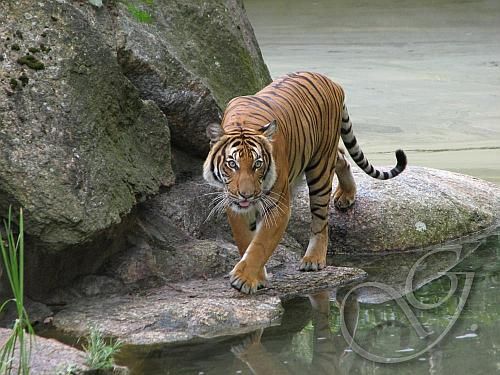 tiger - 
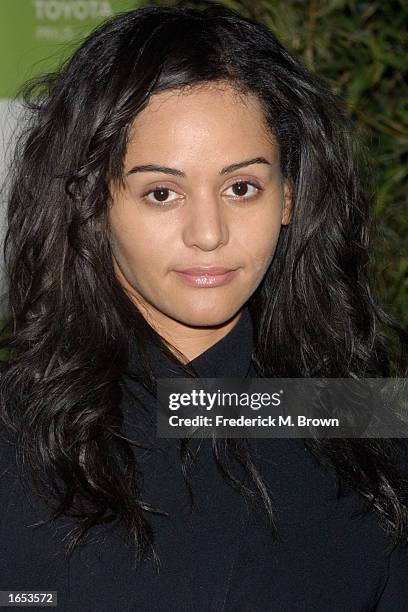 Actress Persia White attends the 12th Annual Environmental Media Awards at the Ebell of Los Angeles on November 20, 2002 in Los Angeles. The...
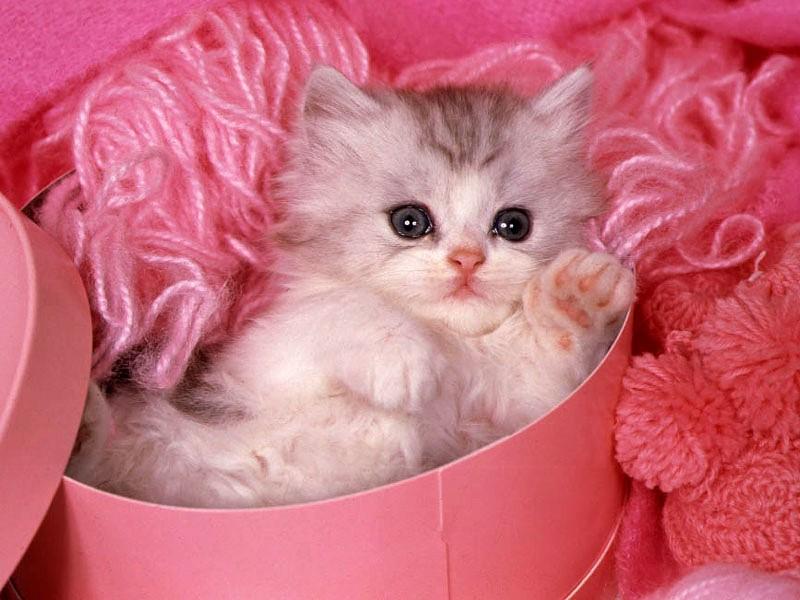 35 صور قطط رائعة , ايه الجمال و الرقة دى سناء بدر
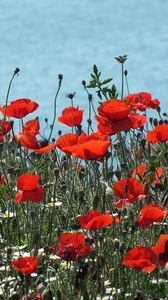 Preview wallpaper poppies, daisies, flowers, meadow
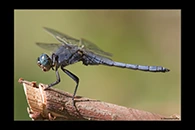 Orthetrum coerulescens, thumbnail 19 / 20
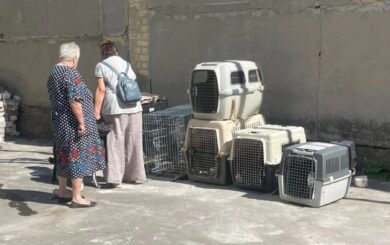 Конфликт в селе в Винницкой области: людей из прифронтовой зоны не пустили из-за собак и кошек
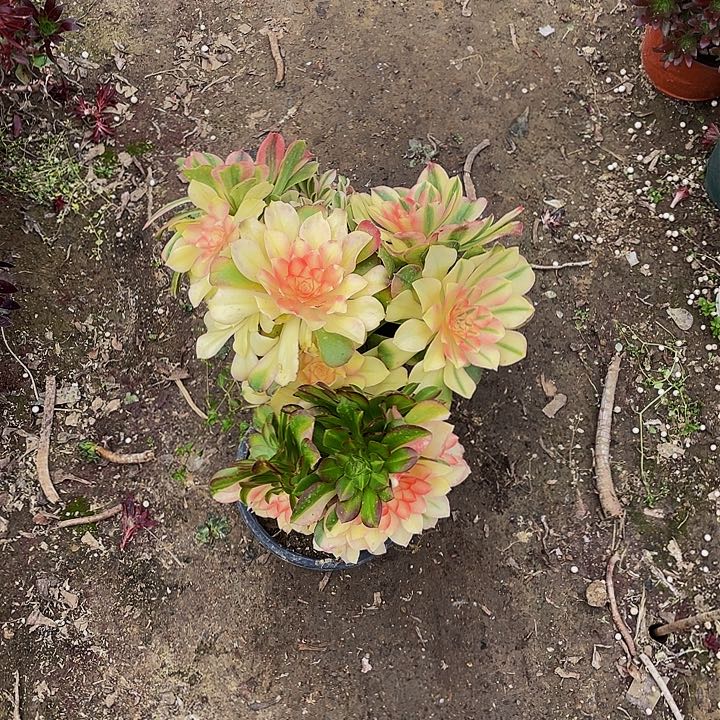 王***姐组合2棵02号法师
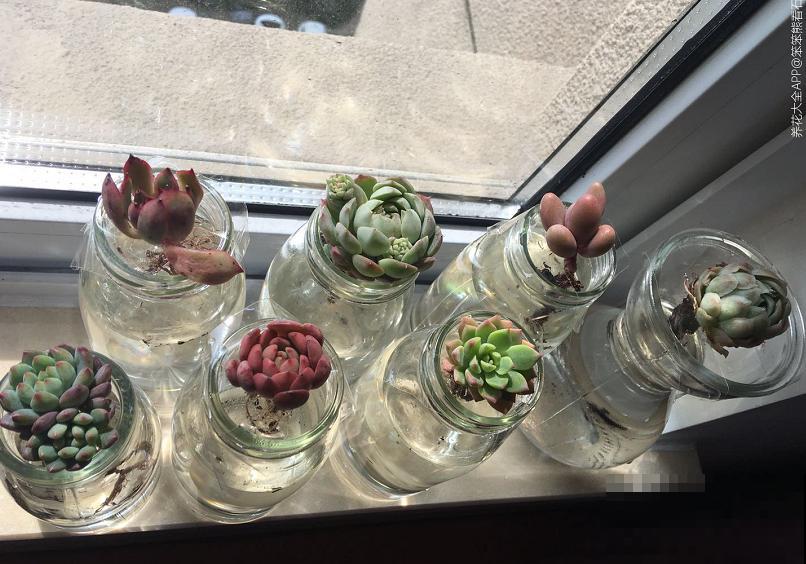 多肉度夏难,干脆扔水里,一棵都不死! 多肉度夏难,干脆扔水里,一棵都不死!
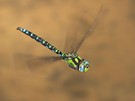 Aeshna cyanea auf Patrouille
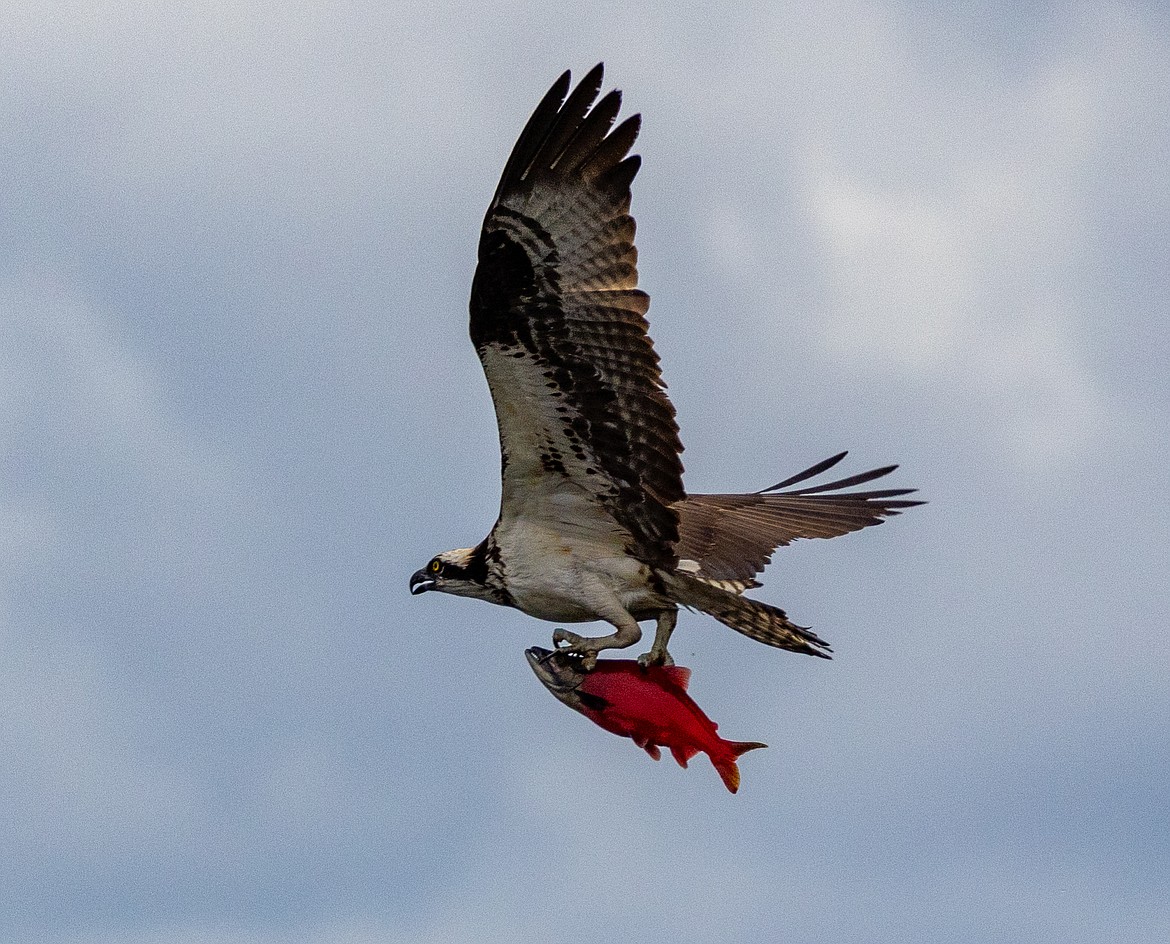 An osprey flies away with a kokanee at Hayden Lake.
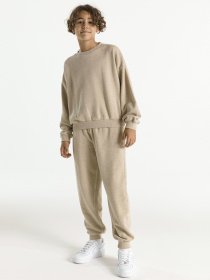 Світшот NIKE Sportswear Icon модель DQ9002-250 Фото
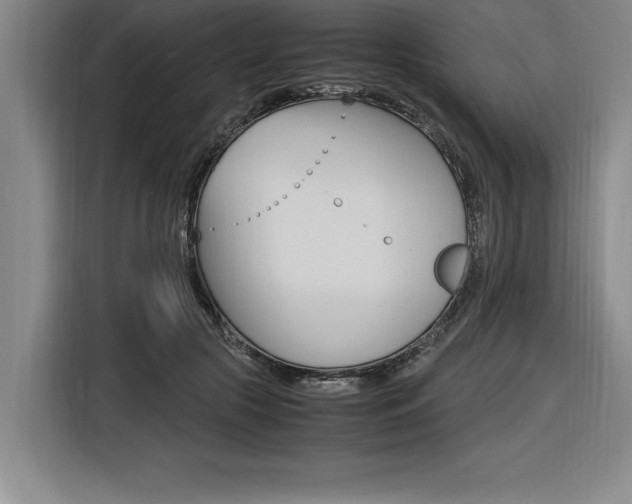 X0000116580553200912101312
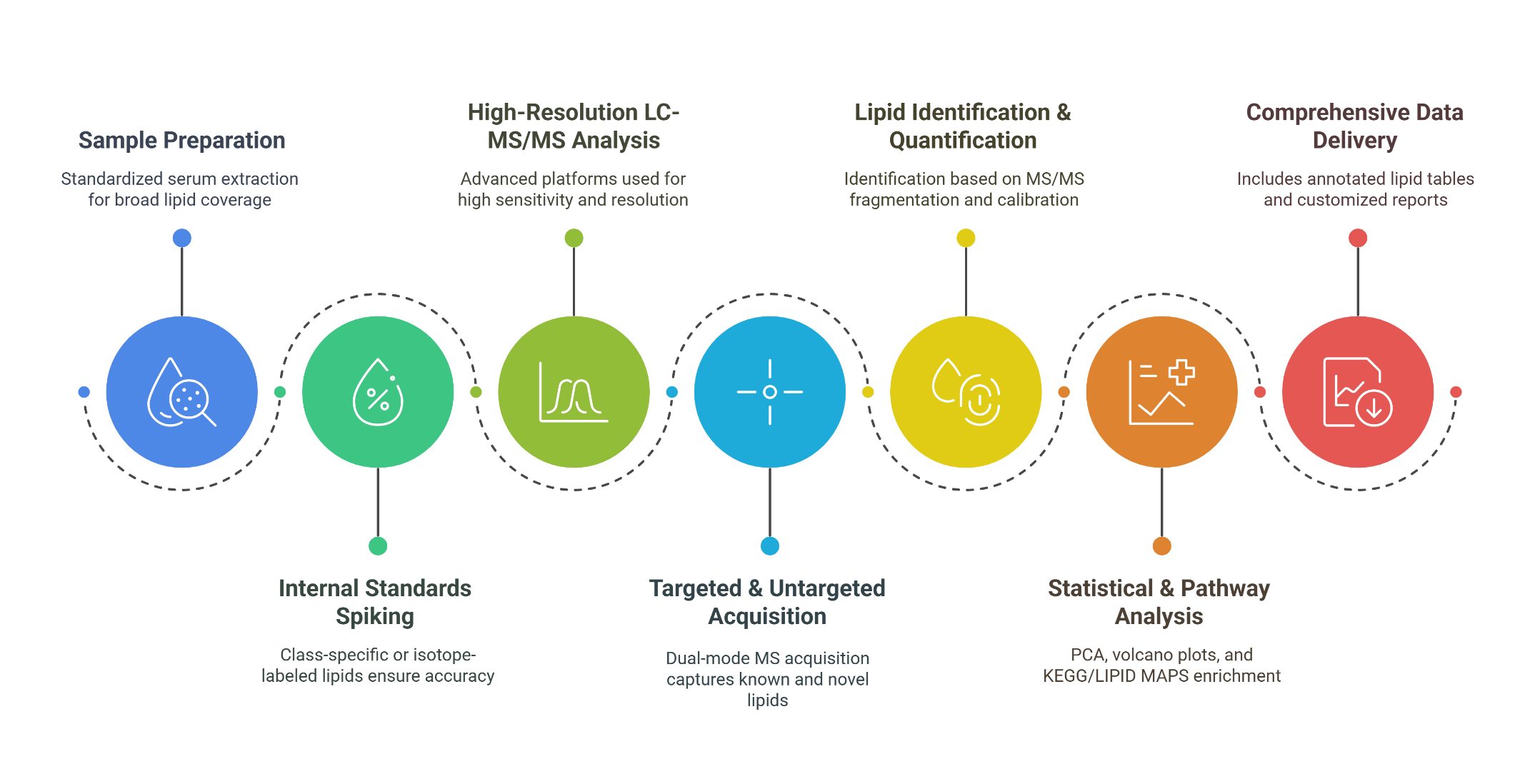 Workflow for Serum Lipidomics Analysis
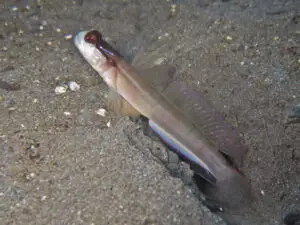 Mask Shrimpgoby Amblyeleotris gymnocephala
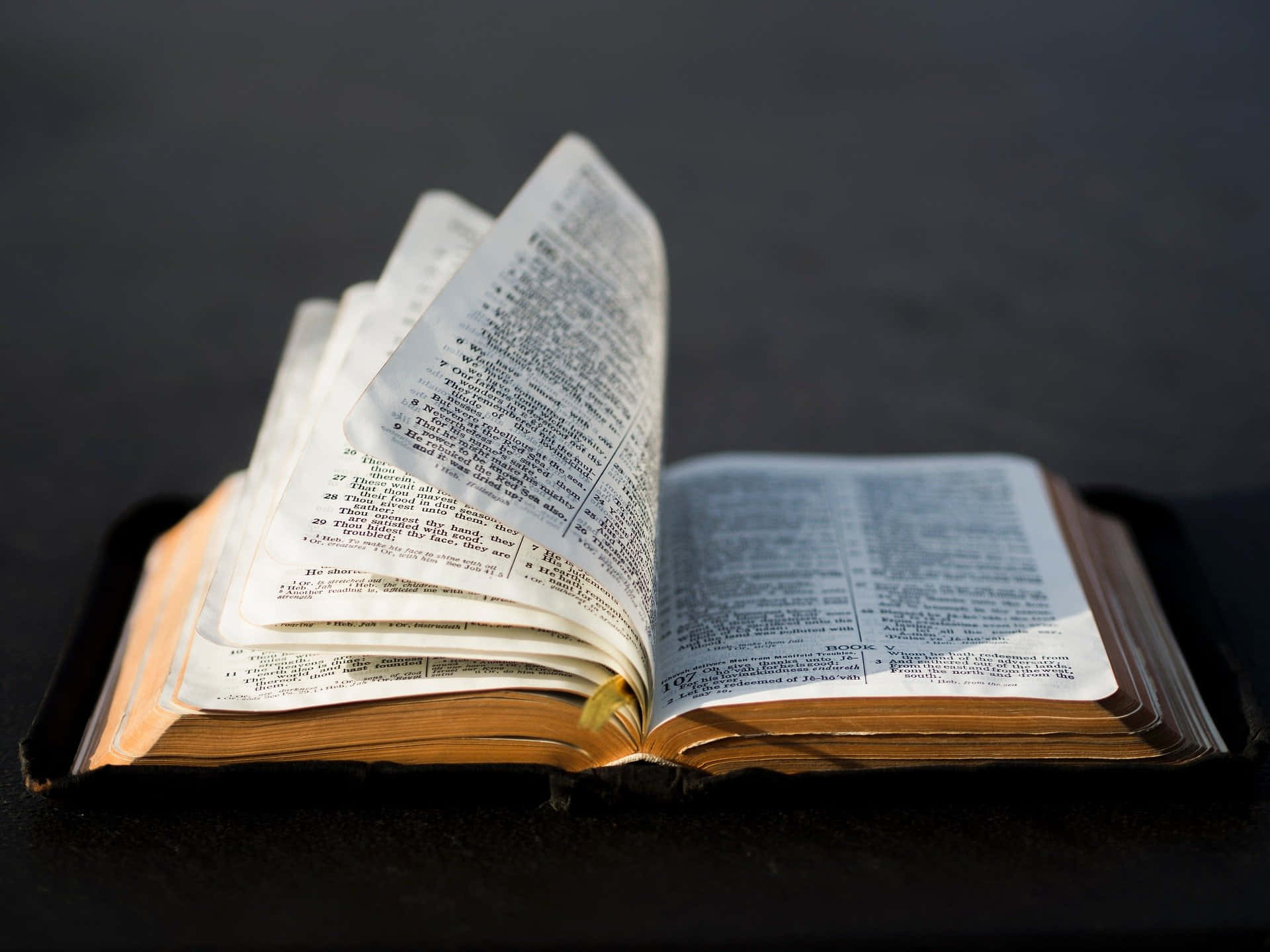 Bible Study 桌布 壁紙 — 一本打開且破舊的聖經放在深色表面上，柔和的光線突顯其老舊的書頁和泛黃的邊緣。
════════════════════
--- Task objective ---
A verbatim copy of the data, free of pictures, is the expected answer.

--- Response for this exercise ---
 tiger - 
 Actress Persia White attends the 12th Annual Environmental Media Awards at the Ebell of Los Angeles on November 20, 2002 in Los Angeles. The...
 35 صور قطط رائعة , ايه الجمال و الرقة دى سناء بدر
 Preview wallpaper poppies, daisies, flowers, meadow
 Orthetrum coerulescens, thumbnail 19 / 20
 Конфликт в селе в Винницкой области: людей из прифронтовой зоны не пустили из-за собак и кошек
 王***姐组合2棵02号法师
 多肉度夏难,干脆扔水里,一棵都不死! 多肉度夏难,干脆扔水里,一棵都不死!
 Aeshna cyanea auf Patrouille
 An osprey flies away with a kokanee at Hayden Lake.
 Світшот NIKE Sportswear Icon модель DQ9002-250 Фото
 X0000116580553200912101312
 Workflow for Serum Lipidomics Analysis
 Mask Shrimpgoby Amblyeleotris gymnocephala
 Bible Study 桌布 壁紙 — 一本打開且破舊的聖經放在深色表面上，柔和的光線突顯其老舊的書頁和泛黃的邊緣。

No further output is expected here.